Output a character-exact copy of the data, images removed.
----- Source data
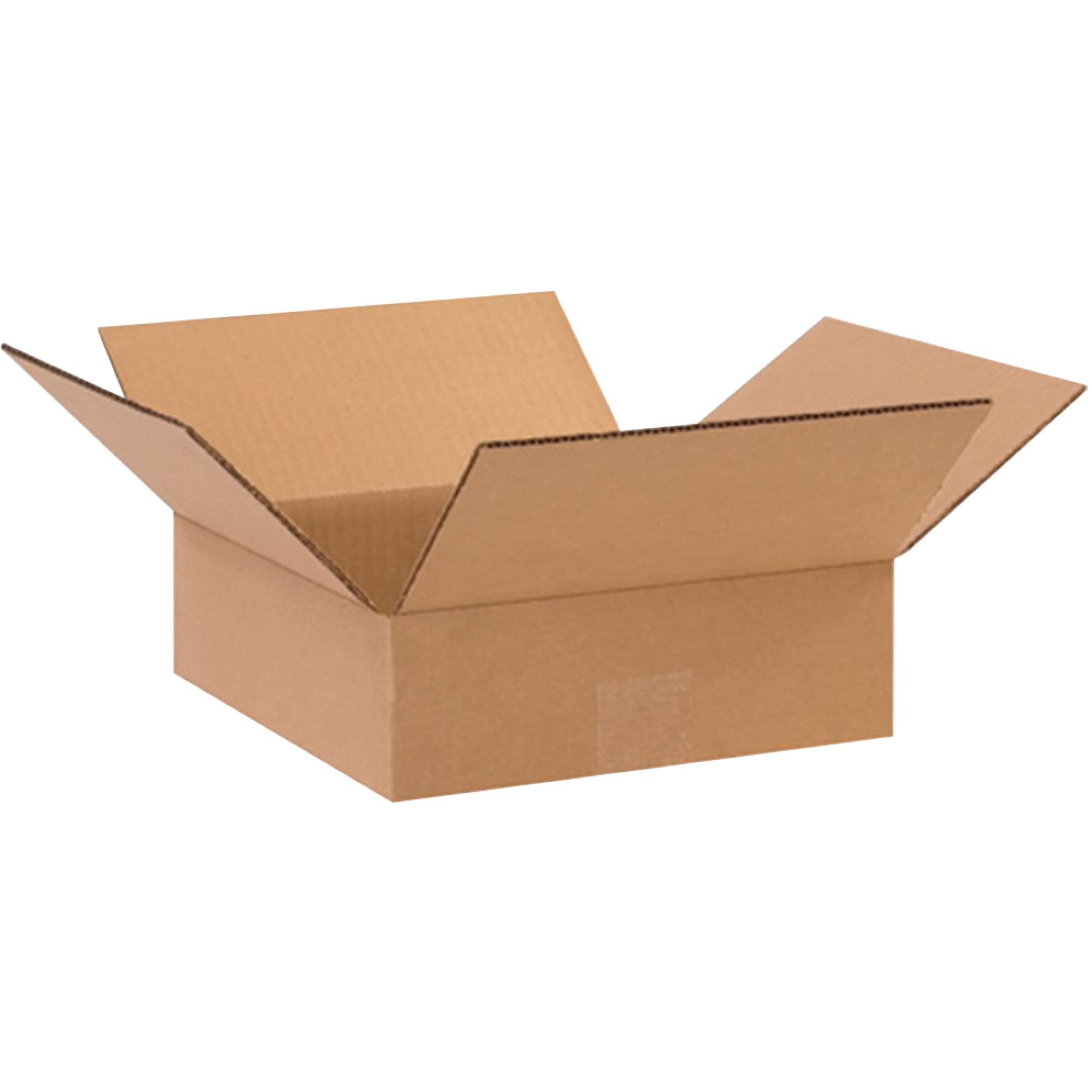 Aviditi 10 X 10 X 3 Corrugated Cardboard Boxes, Flat 10'L X 10'W X 3'H, Pack Of 25 | Shipping, Packaging, Moving, Storage Box
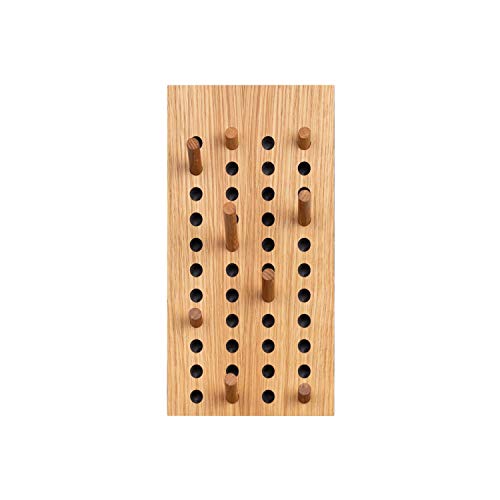 we do wood - Scoreboard Garderobe vertikal small Eiche von we do wood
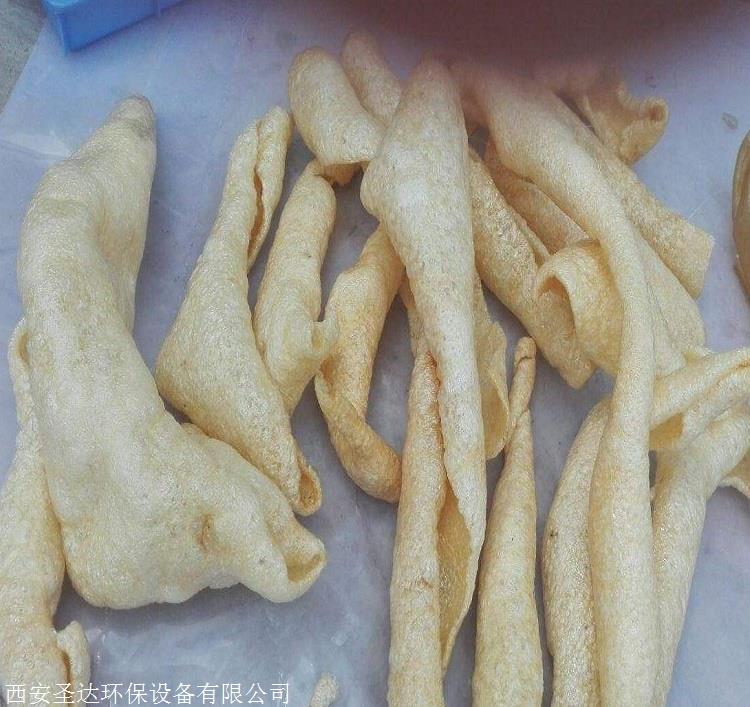 微波猪皮膨化设备 加热升温快 智能控制省时省力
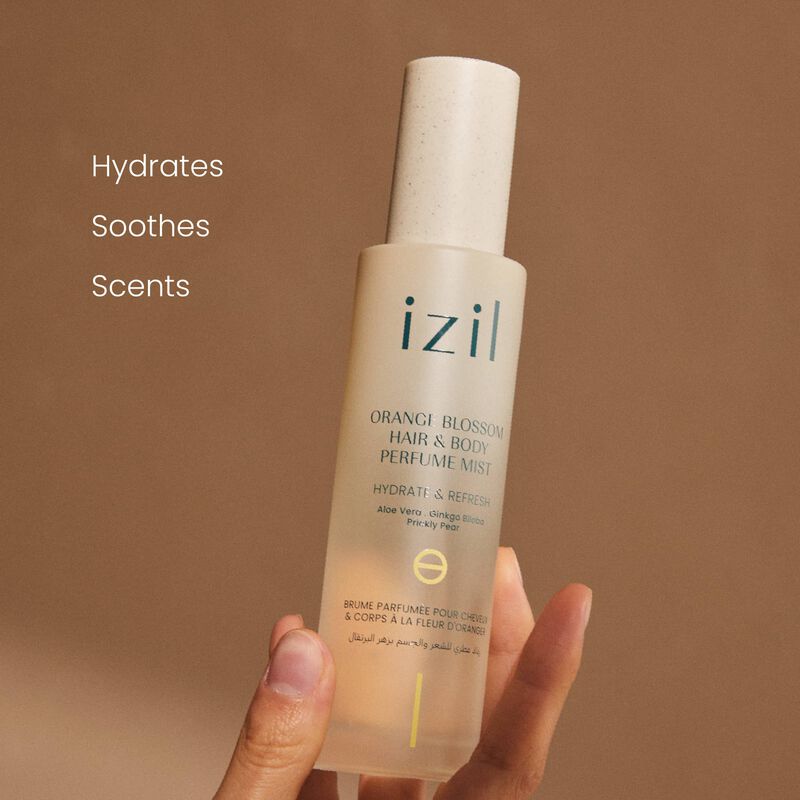 Orange Blossom Hair & Body Perfume Mist image number null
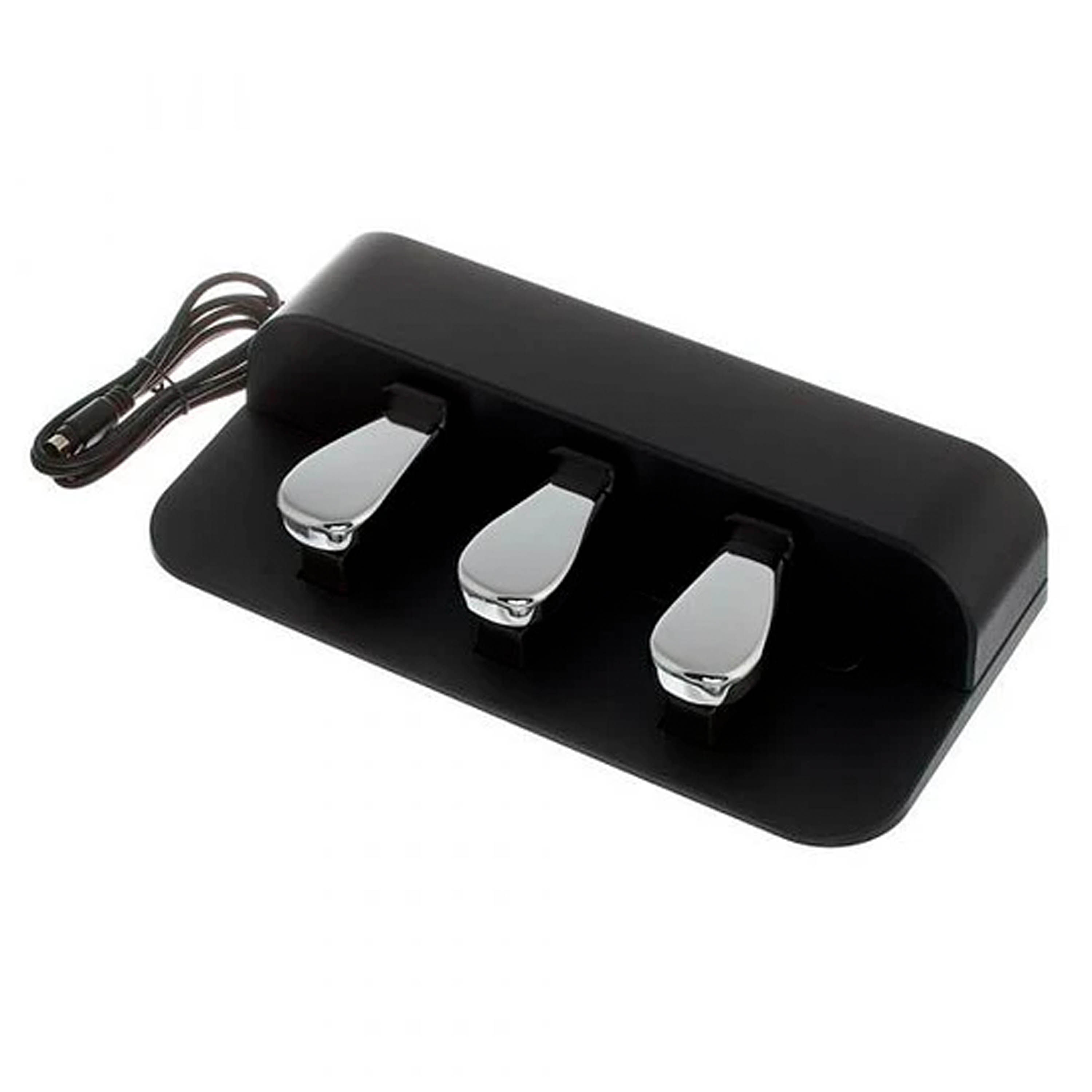 Pedal de piano Sustain Casio SP-34 sustain, soft y sostenuto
----------
#### [Exercise answer]
 Aviditi 10 X 10 X 3 Corrugated Cardboard Boxes, Flat 10'L X 10'W X 3'H, Pack Of 25 | Shipping, Packaging, Moving, Storage Box
 we do wood - Scoreboard Garderobe vertikal small Eiche von we do wood
 微波猪皮膨化设备 加热升温快 智能控制省时省力
 Orange Blossom Hair & Body Perfume Mist image number null
 Pedal de piano Sustain Casio SP-34 sustain, soft y sostenuto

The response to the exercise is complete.